Handle Multiple Event Types with Confluent Cloud for Apache Flink

Confluent Cloud for Apache Flink® provides several ways to work with Kafka topics containing multiple event types. This guide explains how Flink automatically infers and handles different event type patterns, allowing you to query and process mixed event streams effectively.

Overview

When working with Kafka topics containing multiple event types, Flink automatically infers table schemas based on the Schema Registry configuration and schema format. The following sections describe the supported approaches in order of recommendation.

Using Schema References

Schema references provide the most robust way to handle multiple event types in a single topic. With this approach, you define a main schema that references other schemas, allowing for modular schema management and independent evolution of event types.

For example, consider a topic that combines purchase and pageview events.
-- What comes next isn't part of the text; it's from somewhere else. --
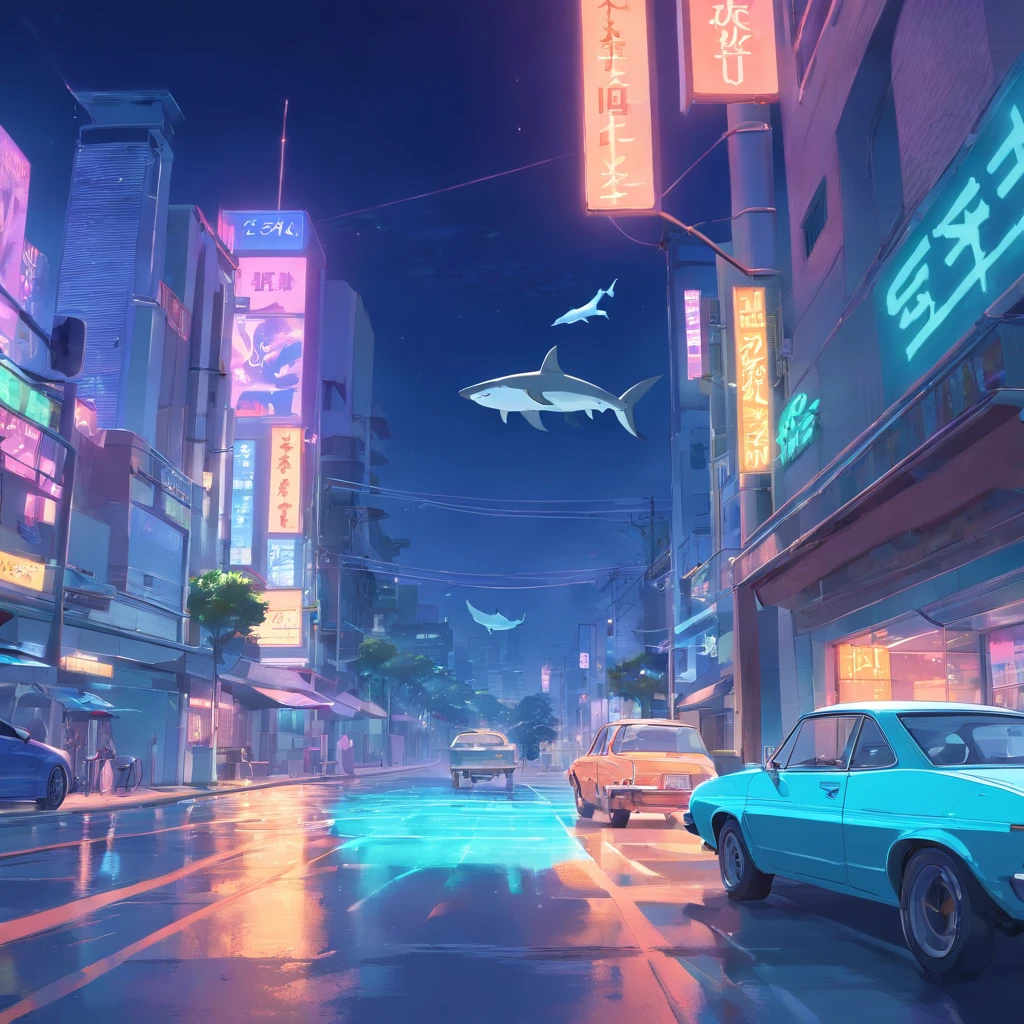 tmasterpiece, melhor qualidade, FilmStill, Chevette Shark, invertido, neon color
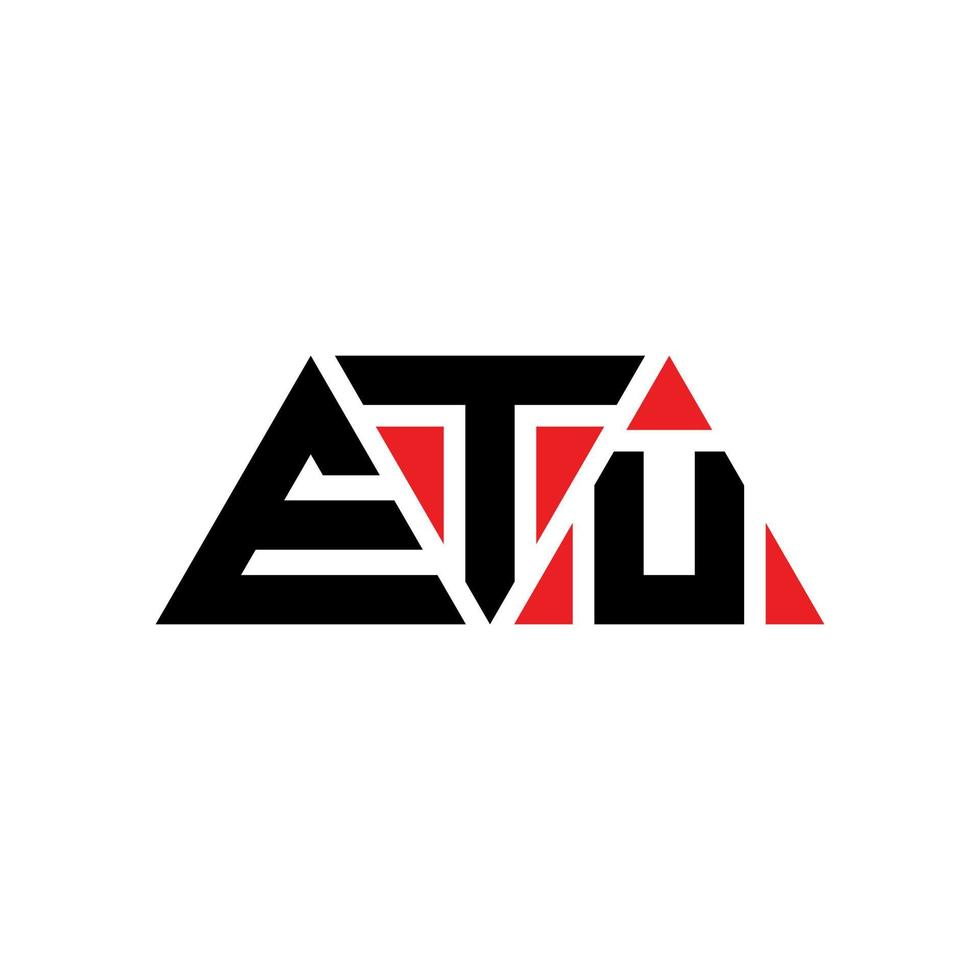 création de logo de lettre triangle etu avec forme de triangle. monogramme de conception de logo triangle etu. modèle de logo vectoriel triangle etu avec couleur rouge. logo triangulaire etu logo simple, élégant et luxueux. etu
  1. Schema for purchase events.

    {
       "type":"record",
       "namespace": "io.confluent.developer.avro",
       "name":"Purchase",
       "fields": [
          {"name": "item", "type":"string"},
          {"name": "amount", "type": "double"},
          {"name": "customer_id", "type": "string"}
       ]
    }
    
  2. Schema for pageview events.

    {
       "type":"record",
       "namespace": "io.confluent.developer.avro",
       "name":"Pageview",
       "fields": [
          {"name": "url", "type":"string"},
          {"name": "is_special", "type": "boolean"},
          {"name": "customer_id", "type":  "string"}
       ]
    }
    
  3. Combined schema that references both event types:

    [
       "io.confluent.developer.avro.Purchase",
       "io.confluent.developer.avro.Pageview"
    ]
    

When these schemas are registered in Schema Registry and used with the default TopicNameStrategy, Flink automatically infers the table structure. You can see this structure using:

SHOW CREATE TABLE `customer-events`;

Your output will show a table structure that includes columns for both event types:

CREATE TABLE `customer-events` (
  `key` VARBINARY(2147483647),
  `Purchase` ROW<`item` VARCHAR(2147483647), `amount` DOUBLE, `customer_id` VARCHAR(2147483647)>,
  `Pageview` ROW<`url` VARCHAR(2147483647), `is_special` BOOLEAN, `customer_id` VARCHAR(2147483647)>
)

You can query specific event types using standard SQL. The exact syntax depends on your schema format:

-- Query purchase events
SELECT Purchase.* FROM `customer-events` WHERE Purchase IS NOT NULL;

-- Query pageview events
SELECT Pageview.* FROM `customer-events` WHERE Pageview IS NOT NULL;

Using Union Types

Flink automatically handles union types across different schema formats. With this approach, all event types are defined within a single schema using the format’s native union type mechanism:

  • Avro unions
  • JSON Schema oneOf
  • Protocol Buffer oneOf

For example, consider a schema combining order and shipment events:

{
   "type": "record",
   "namespace": "io.confluent.examples.avro",
   "name": "AllTypes",
   "fields": [
      {
         "name": "event_type",
         "type": [
            {
               "type": "record",
               "name": "Order",
               "fields": [
                  {"name": "order_id", "type": "string"},
                  {"name": "amount", "type": "double"}
               ]
            },
            {
               "type": "record",
               "name": "Shipment",
               "fields": [
                  {"name": "tracking_id", "type": "string"},
                  {"name": "status", "type": "string"}
               ]
            }
         ]
      }
   ]
}

When using these union types with TopicNameStrategy, Flink automatically creates a table structure based on your schema format. You can see this structure using:

SHOW CREATE TABLE `events`;

The output shows a table structure that reflects how each format handles unions:

CREATE TABLE `events` (
  `key` VARBINARY(2147483647),
  `event_type` ROW
    `Order` ROW<`order_id` VARCHAR(2147483647) NOT NULL, `amount` DOUBLE NOT NULL>,
    `Shipment` ROW<`tracking_id` VARCHAR(2147483647) NOT NULL, `status` VARCHAR(2147483647) NOT NULL>
  > NOT NULL
)

You can query specific event types:

-- Query orders
SELECT event_type.Order.* FROM `events` WHERE event_type.Order IS NOT NULL;

-- Query shipments
SELECT event_type.Shipment.* FROM `events` WHERE event_type.Shipment IS NOT NULL;

Using RecordNameStrategy Or TopicRecordNameStrategy Strategies

For topics using RecordNameStrategy or TopicRecordNameStrategy, Flink initially infers a raw binary table:

CREATE TABLE `events` (
  `key` VARBINARY(2147483647),
  `value` VARBINARY(2147483647)
)

To work with these events, you need to manually configure the table with the appropriate subject names:

ALTER TABLE events SET (
  'value.format' = 'avro-registry',
  'value.avro-registry.subject-names' = 'com.example.events.OrderEvent;com.example.events.ShipmentEvent'
);

If your topic uses keyed messages, you may also need to configure the key format:

ALTER TABLE events SET (
  'key.format' = 'avro-registry',
  'key.avro-registry.subject-names' = 'com.example.events.OrderKey'
);

Replace avro-registry with json-registry or proto-registry based on your schema format.

Best Practices

  1. Use schema references with TopicNameStrategy when possible, as this provides the best balance of flexibility and manageability.
  2. If schema references aren’t suitable, use union types for a simpler schema management approach.
  3. Configure alternative subject name strategies only when working with existing systems that require them.